Le problème avec Netanyahu est qu’il risque de devenir, ou plutôt redevenir, dès ce soir Premier ministre d’Israël avec toutes les conséquences catastrophiques qu’engendrerait sa politique vis-à-vis des Palestiniens en particulier et des Arabes en général. Il s’était fait élire en 1996 (avec l’aide des attentats-suicide perpétrés par le Hamas), et avait parfaitement réussi à étouffer tous les espoirs qu’avait fait naître la signature des accords d’Oslo par Yasser Arafat et Yitzhak Rabin le 13 septembre 1993.
Netanyahu n’a pas découvert l’extrémisme le jour où il a mis les pieds dans l’arène politique israélienne, mais il lui a été instillé dès son jeune âge par son père, Benzion Netanyahu. Benzion Netanyahu était l’un de ces illuminés juifs qui, dès son débarquement en Palestine, alors sous mandat britannique, s’en était pris à «la naïveté» et à «l’idéalisme» de ses coreligionnaires qui s’apprêtaient à partager «la terre biblique d’Israël» avec les Arabes. Pour le père Netanyahu, les Juifs ne devraient pas seulement se contenter de l’espace situé entre la Méditerranée et le Jourdain.

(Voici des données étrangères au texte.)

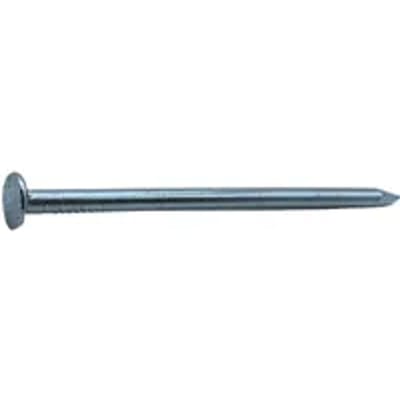 Sencys Spijkers Met Platte Kop Gegalvaniseerd 3x65mm - 20 Stuks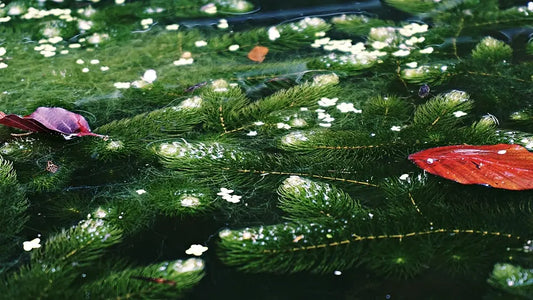 aquatic plants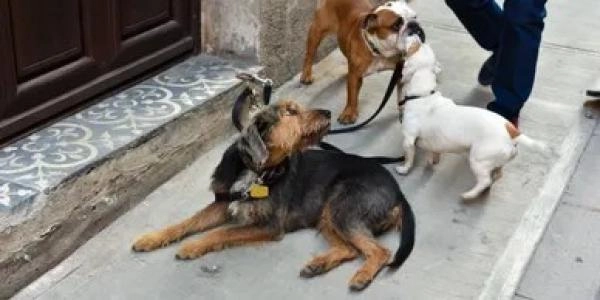 A1 Dog Training Centre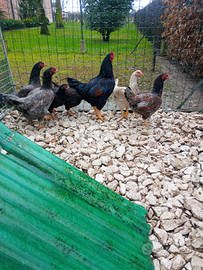 Galline cornis combatte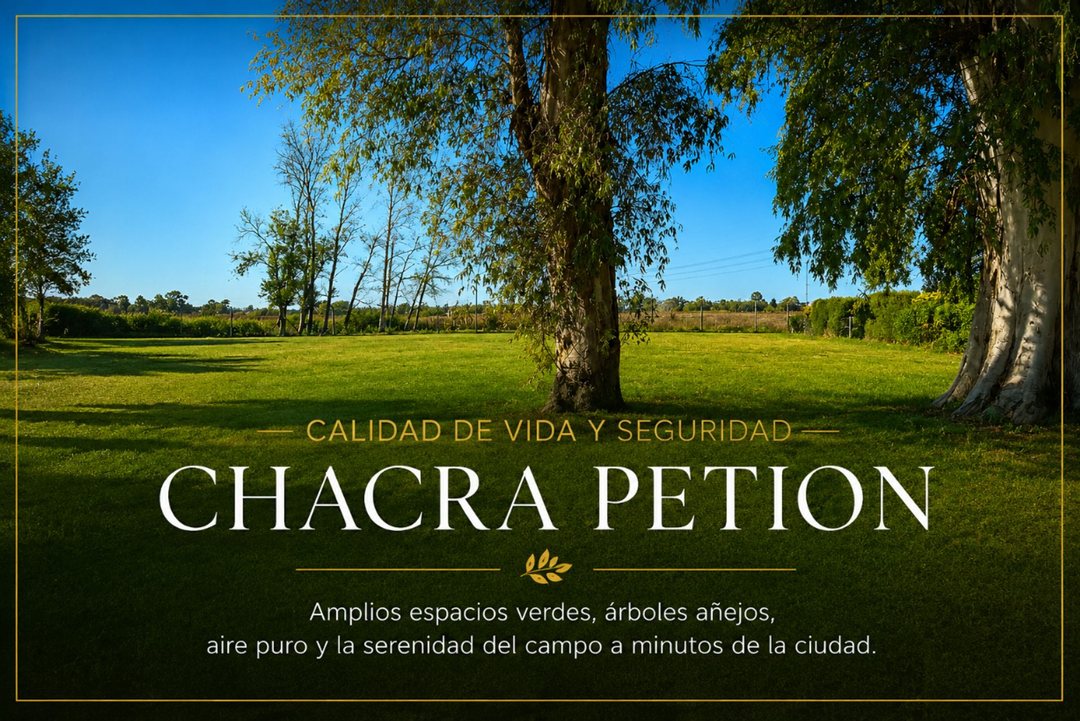 VENTA LOTE CHACRA PETION CAÑUELAS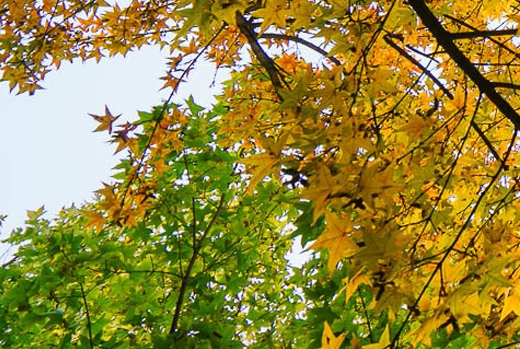 注册电子科技公司流程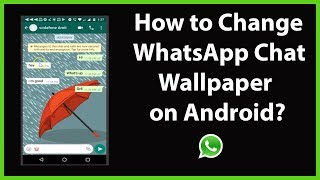 How to Change WhatsApp Chat Wallpaper on Android?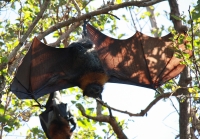 Fruit bat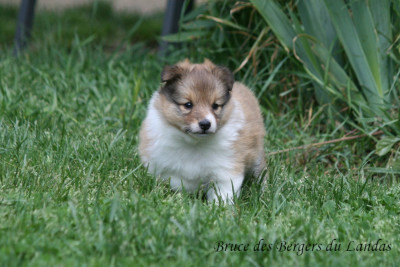Bruce (Nom Provisoire)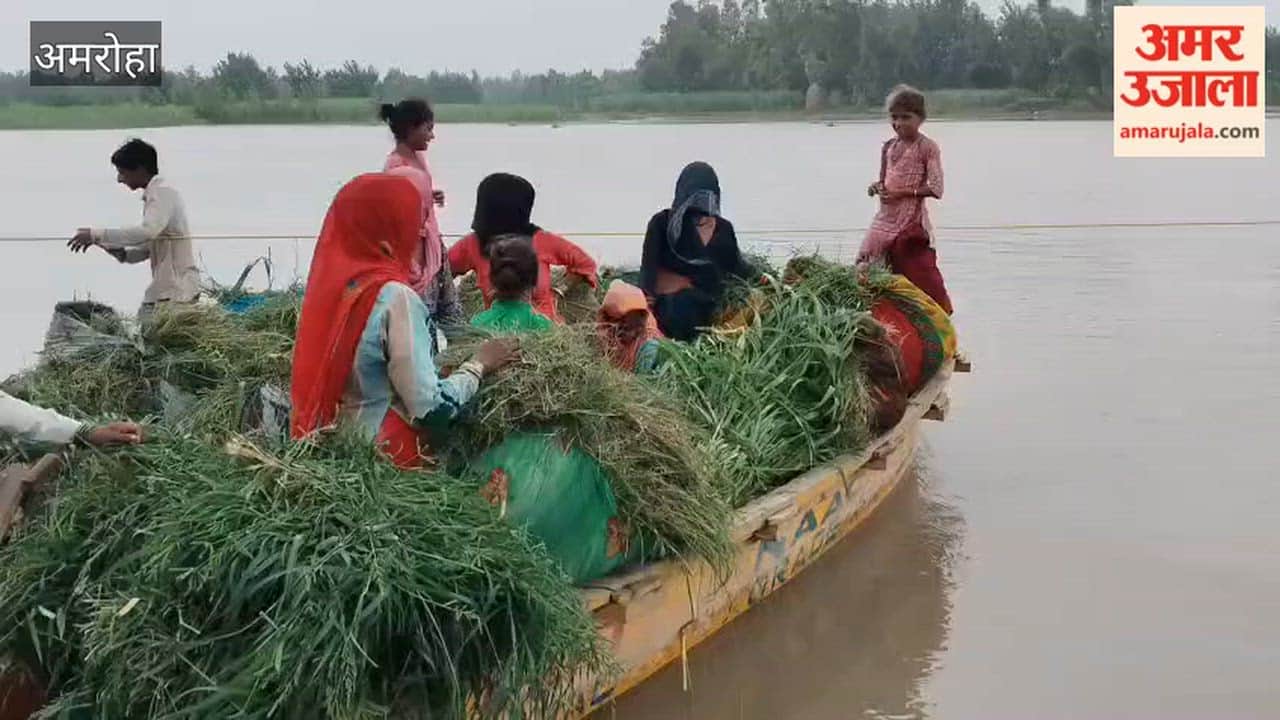 Ganga's water level drops by 10 cm in 24 hours; gauge at Tigri reaches 235 meters.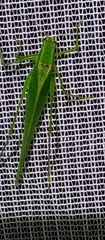Anaulacomerina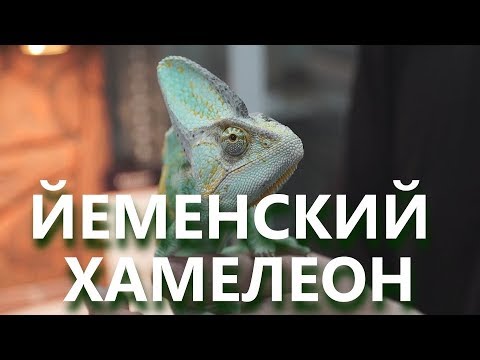 Йеменский хамелеон. Особенности содержания и ухода. Мнение специалиста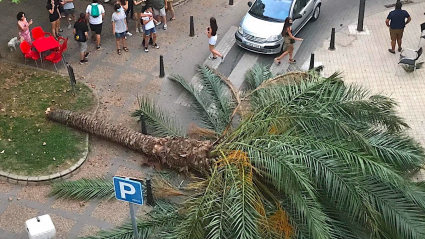 Palmera caída en Mérida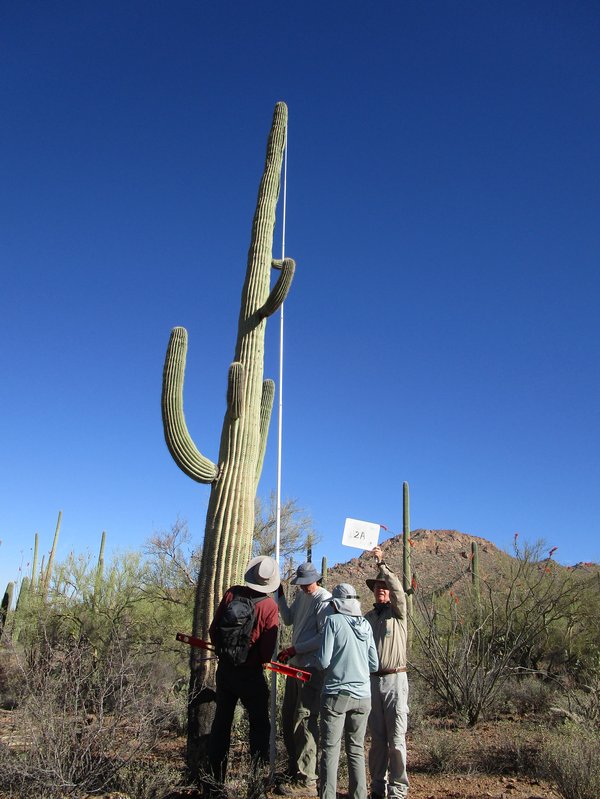 Field photo of a saguaro being measured by a crew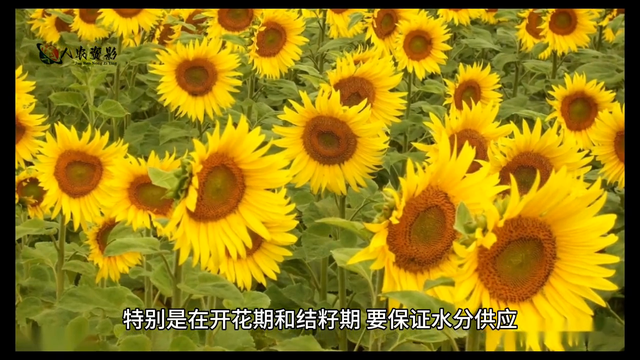 葵花科学种植技术指南#传播农业小知识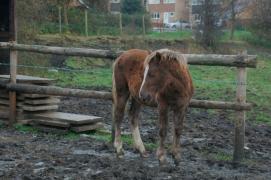 Cal snopit în bătaie în Ilfov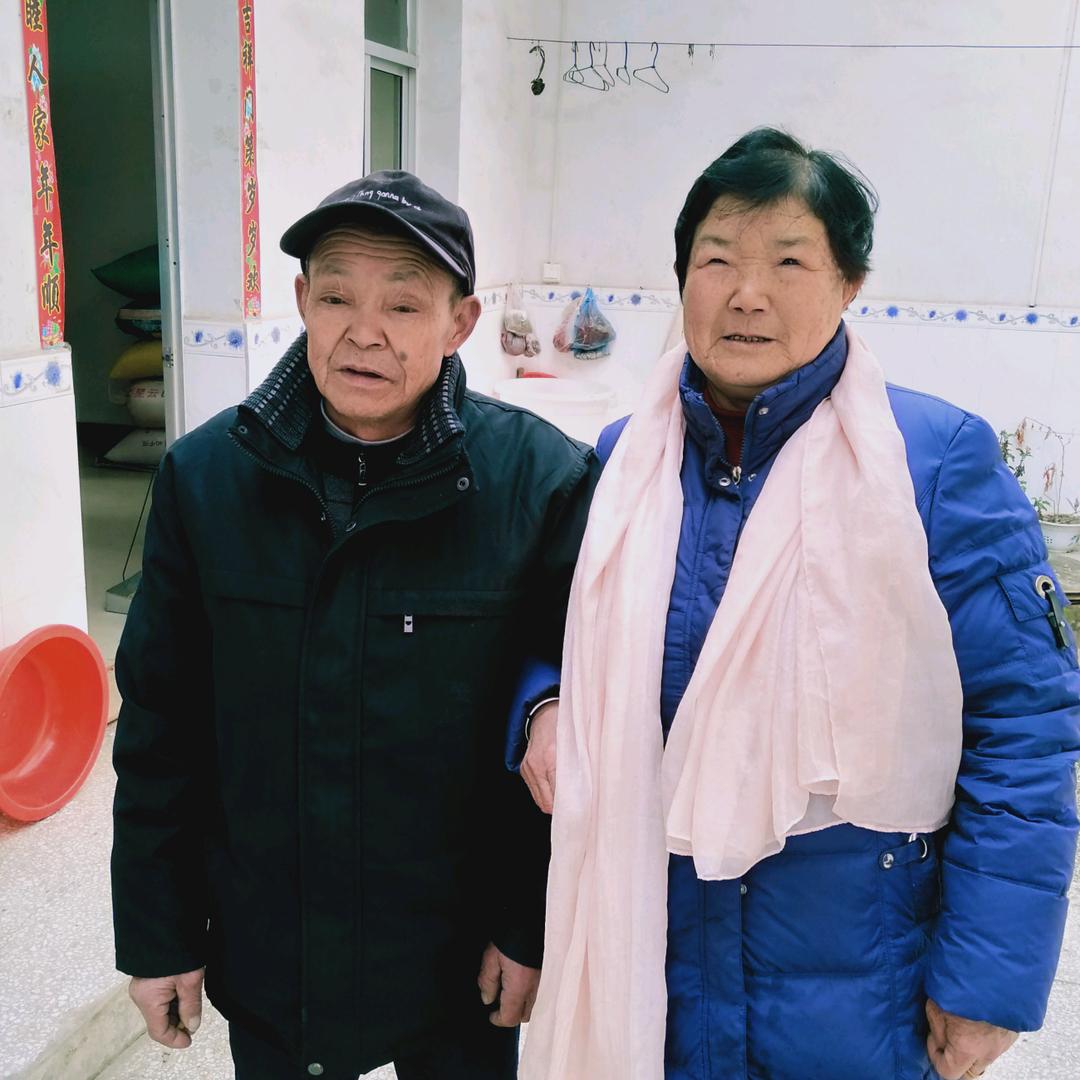 陈凤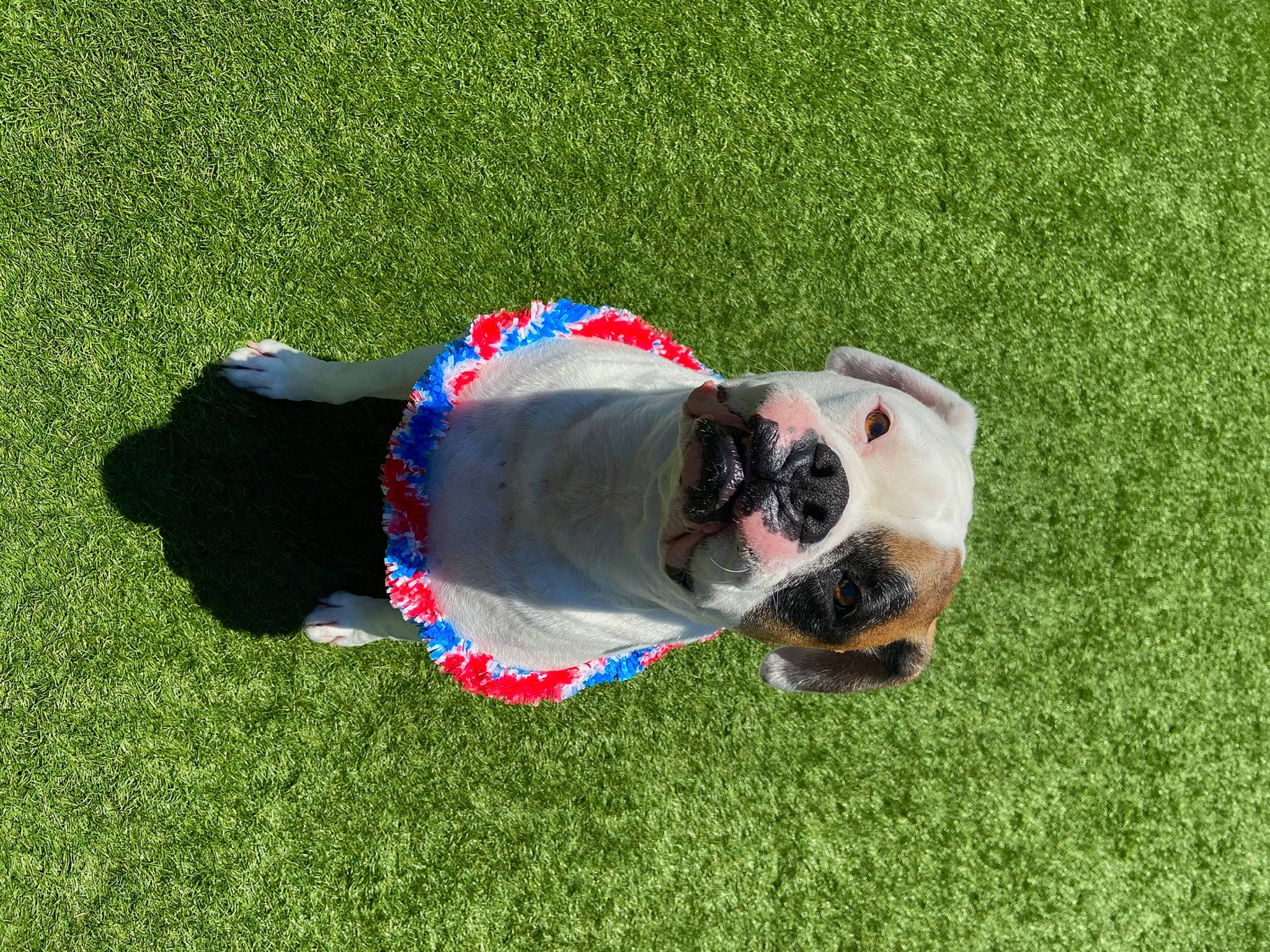 Deuce is registered to the contest to win money with this photo: artificial_turf, canidae, carnivore, companion_dog, dog, dog_breed, dog_supply, electric_blue, fawn, grass, grassland, leisure, plant, recreation, snout, sporting_group, tail, toy, toy_dog, working_dog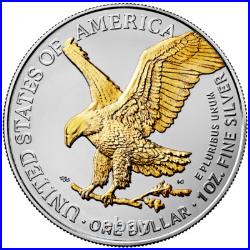 Silver Eagle Bull Silver Coin 2024 USA 1oz ST in Color Silver Eagle Bull Silver Coin 2024 USA 1oz ST in Color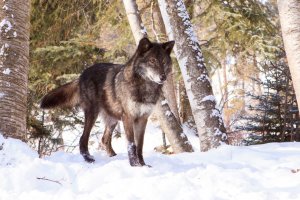 Обои для рабочего стола: Волчий взгляд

Ils devraient aussi y inclure l’actuel territoire jordanien…
Spécialiste de l’histoire du Moyen-Age et collaborateur de Vladimir Jabotinsky, le théoricien le plus extrémiste du sionisme, Benzion Netanyahu résumait l’histoire de l’humanité en une «série de génocides antisémites». Pour lui, quiconque s’oppose au projet sioniste tel que conçu par son patron Jabotinsky, est un antisémite et un génocidaire en puissance.
Voici donc le genre de soupe intellectuelle qui a été servie à Benyamin Netanyahu pendant son enfance et qui a continué à le nourrir pendant l’adolescence et à lui servir de référence dans les combats politiques qu’il menait depuis le début des années 1980, quand il a fait son entrée pour la première fois à la Knesset.
Dès lors, il n’est guère étonnant d’entendre Benyamin Netanyahu comparer les compromis avec les Palestiniens à «des compromis avec les Nazis»; de l’entendre refuser aux Palestiniens tout droit de partager la terre qu’«ils ont volée en 636» (date de la conquête de Jérusalem par les Arabes); de l’entendre traiter de «traître» Yitzhak Rabin parce qu’il a signé les accords d’Oslo, ce qui a amené la foule fanatisée qui l’écoutait à demander la tête de Rabin et la veuve de celui-ci d’accuser Netanyahu de l’assassinat de son mari.
Voici donc le genre de personnages que les Israéliens pourraient avoir la stupidité d’élire comme leur Premier ministre. S’ils le faisaient, cela veut dire qu’ils acceptent son programme politique qui se résume à une série de «non». Non au dialogue avec les Palestiniens, non au dialogue avec les Syriens, non à l’arrêt de la colonisation de la Cisjordanie, non au partage de Jérusalem, en un mot, non à un quelconque compromis avec les Arabes.
Netanyahu a été déjà élu en 1996. Il a été si inflexible, si rigide et si arrogant que même les Américains, pourtant si complaisants envers les dirigeants israéliens, ne voulaient plus avoir affaire à lui. Bill Clinton, alors locataire de la Maison-Blanche, parlait de lui en ces termes : «Netanyahu pensait être la superpuissance et nous étions là pour accomplir ce qu’il exigeait de nous».
S’il est élu encore une fois aujourd’hui, on peut prédire, sans risque d’erreur, que Barack Obama et son émissaire dans la région, George Mitchell, ne mettront pas longtemps pour s’apercevoir qu’ils sont face à un fanatique intraitable et qu’ils commenceront très tôt à scruter l’horizon israélien pour voir si de nouvelles élections anticipées se profilent déjà.